Bordeaux, France
1990

CAPC – Bordeaux
Contemporary Art Museum

In Bordeaux, the restoration of the Entrepôt Lainé combined two challenges, and two thought processes: thought concerning the way contemporary art is exhibited, in terms of location and surroundings, and thought concerning the creative architectural process as part of the restoration of an exceptional building.
Client
Program
Area
Planning
Client
Ville de Bordeaux
Program
Rehabilitation and transformation of the Entrepôt Lainé into contemporary art museum
Area
15 000 m²
Planning
Delivery
1990
Constructed in 1824 alongside the Garonne, the original Entrepôt was a colonial commodities warehouse intended for storing spices, chocolate and vanilla from overseas. With its severe design and ingenious construction system, this architecture favoured the beauty of precise geometry over ornamental flourishes. Heavy masonry protected the valuable goods from the sun, an architecture of darkness and thickness that admitted only a limited amount of light.

Taking the opposite approach from an accretion in which each new layer conceals the previous one, the restoration process preserved the worn look of the stones, the workmen’s graffiti and the blackened look of some of the façades, all indicators of use and of time. To ensure authenticity, the contemporary architectural expression was based on an understanding of, and deep respect for, this architecture of golden limestone and light-coloured brick.

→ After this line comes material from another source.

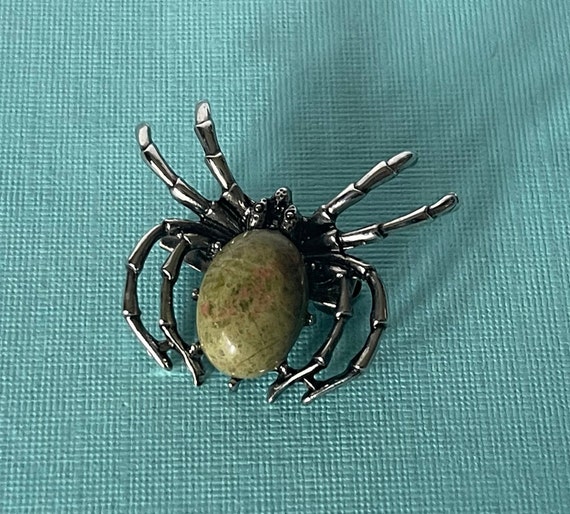 Jasper spider brooch, tarantula pin, green jasper… - image 1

Interplays of horizontal and vertical planes capture a portion of space while revealing what contains them. White walls sometimes fill an empty arch, and elsewhere partially conceal it, stimulating a process of mental reconstruction and thus a fresh way of looking at the place. Here, architectures are interlocked. The contemporary museography and the restored architecture of the Entrepôt are each independent of the other and clearly legible as such. Given the approach taken to the restoration, and the intensity of the relationship between the place and art, the Entrepôt’s merit lies not in effacing contemporary intervention but in being able to exist without imposing itself.